Outro problema, segundo Luís Octavio Rocha, é a ausência de diálogo entre educador e arquiteto. “Visitando escolas públicas, perguntava aos professores se eles sabiam por que os prédios eram construídos daquela maneira, por que no lugar da escada havia aquela rampa, entre outros aspectos. Eles não sabiam. Em nenhum momento foi passado o conceito arquitetônico dos prédios para os docentes ou para os alunos, e isso é uma grande falha.” Esta familiaridade, segundo Rocha, é o que motiva os usuários do espaço a preservá-lo.

Para os estudiosos, a escola é uma instituição que muda com morosidade. Ainda que estejamos diante de uma pedagogia que coloca o aluno como protagonista do processo de aprendizagem, as escolas continuam com a mesma dinâmica espacial, com cadeiras fixas, voltadas para o professor. “Hoje, você tem todo esse aparato tecnológico que exigiria outro tipo de escola, outro tipo de sala de aula, que tivesse pelo menos tomadas e corrente elétrica em abundância. Há salas em que você não encontra nenhuma”, diz Ester.

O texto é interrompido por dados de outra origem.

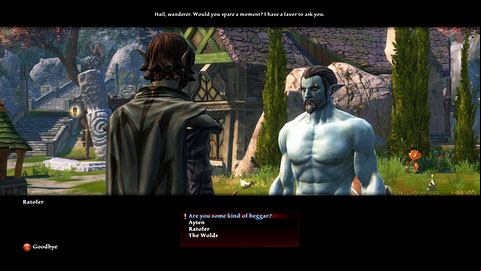 In the village of Ayten M1(1) you can find a man named Ratofer, who will ask you to sell his item to the villagers in return for a share in the profit - The Wolds - p.1 | Side missions - Side missions - Kingdoms of Amalur: Reckoning Game Guide & Walkthrough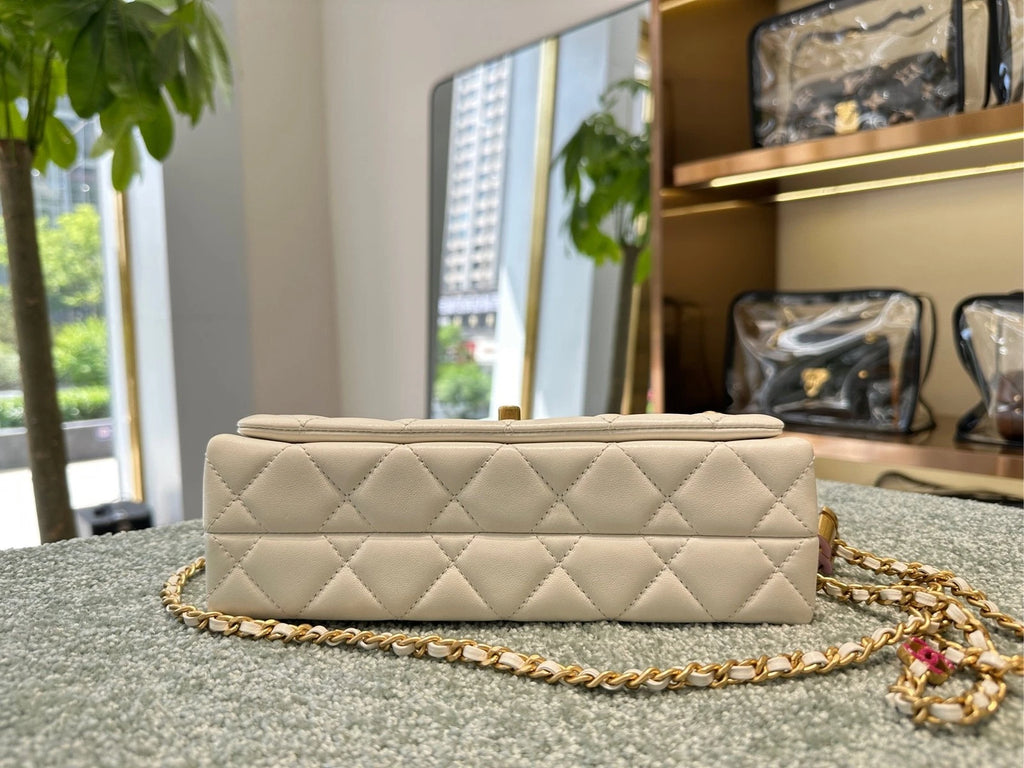 CHANEL Enamel Leather Double C Flap Shoulder Bag For Women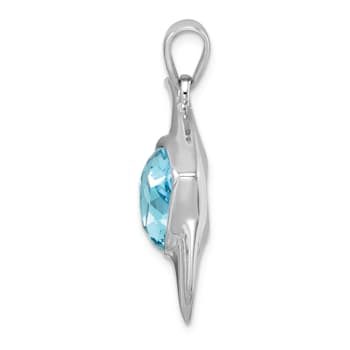 Rhodium Over Sterling Silver Polished Crystal Angel Fish Pendant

Doris Kowaltowski, professora titular da Faculdade de Engenharia Civil, Arquitetura e Urbanismo (FEC) da Unicamp e autora do livro Arquitetura Escolar: O projeto do ambiente de ensino, concorda com essa percepção. Para ela, é fundamental que ocorra um diálogo coordenado entre prédios, proposta pedagógica, corpo docente e alunos. “Se as atividades variam conforme a pedagogia adotada pela escola, os espaços também precisam se adaptar.”